It was still a gradual journey into becoming a prog fan though. I was still mostly into classic rock and whatever was popular. Led Zeppelin was my favorite band. However, my cousin was a big fan of Genesis and to some degree Yes also so that helped me get more into and discover this thing called progressive rock but I don't think my cousin, who also liked King Crimson, used the term progressive rock. I didn't really take that term seriously until seeing it mentioned in a guitar book that had Robert Fripp in it. I also had a rock encyclopedia that mentioned progressive rock and first heard about a few bands that way. I gradually got more into Yes and Genesis and started to discover their back catalogs and also started to explore King Crimson even though I almost gave up since the first album I heard by them was "islands." By 1986 or so I was a fan of progressive rock bands but was mostly limited to the most obvious ones.

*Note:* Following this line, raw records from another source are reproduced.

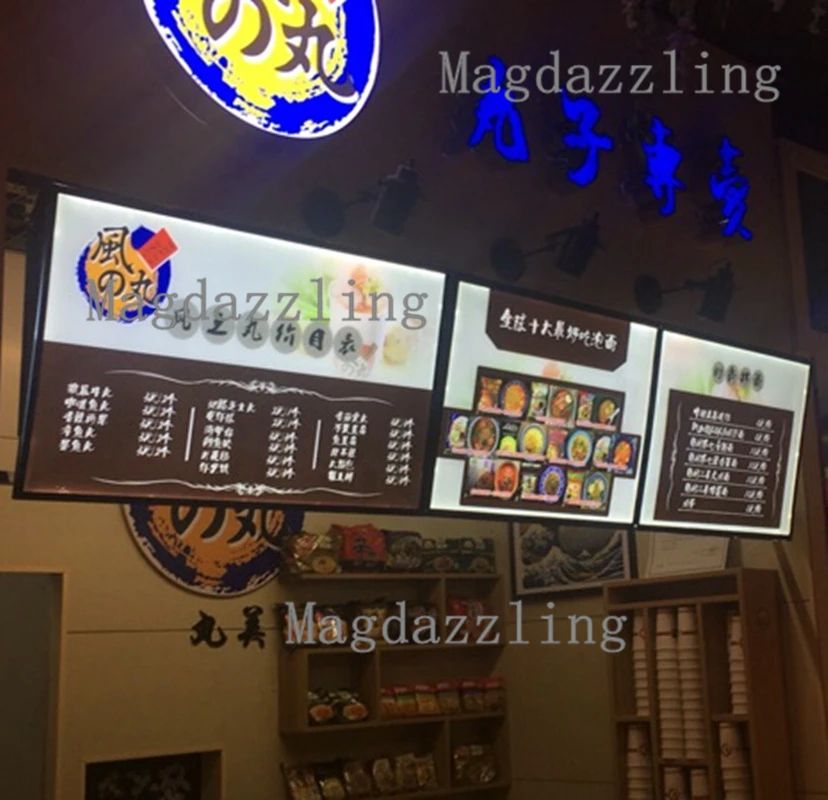 Тонкие черные алюминиевые светодиодные осветительные приборы A1 рекламные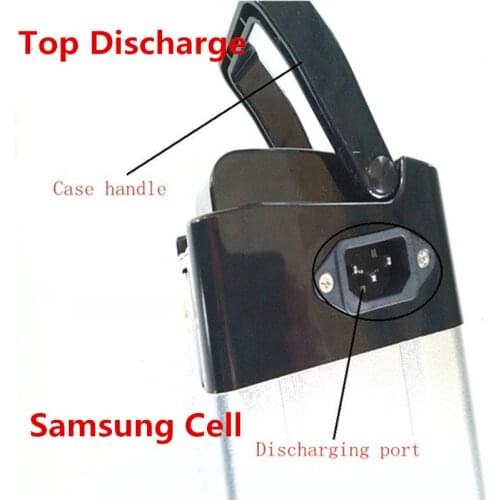 48V 13AH Silver fish with Samsung cell Top discharge ebike Li-ion Battery Pack Electric Bike Battery for bafang 750W motor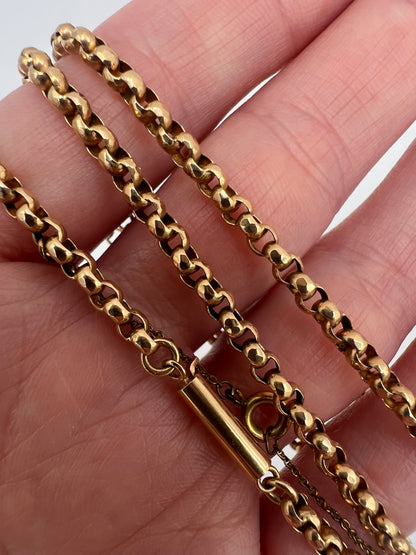 RESERVED - Please enquire for price - 15ct Rose Gold 20" Belcher Link Chain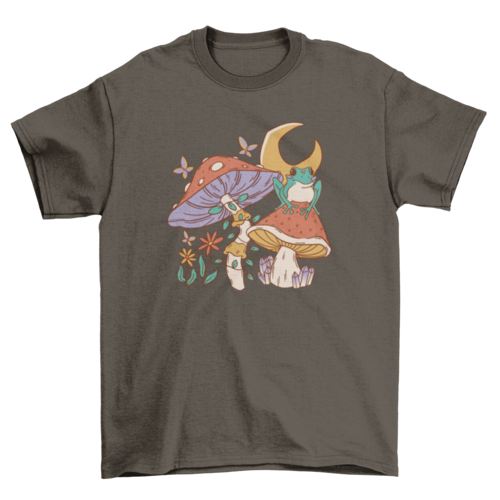 Fungi and plants nature t-shirt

My step mother's brother, who was a musician and dj mentioned to me a band called Gentle Giant and I eventually bought three friends and Octopus by them(this was late 80's).  Before the end of the decade I discovered prog mail order catalogs(such as the laser's edge) and the rest is history. 

Prog was growing in the underground at this time even before the internet due to cd reissues and these mail order catalogs. Although I wasn't into it you also had progressive metal popping up. I eventually discovered progression magazine, got sidetracked by alternative while in college and took a break fromm prog in the mid 90's but then rediscovered it before the end of the decade due to rediscovering my old prog catalogs and then also first got online and discovered prog that way after seeing a prog website mentioned in a book I bought called the progressive rock files. I soon started going to prog festivals and got more into this genre online and the rest as they say is history. 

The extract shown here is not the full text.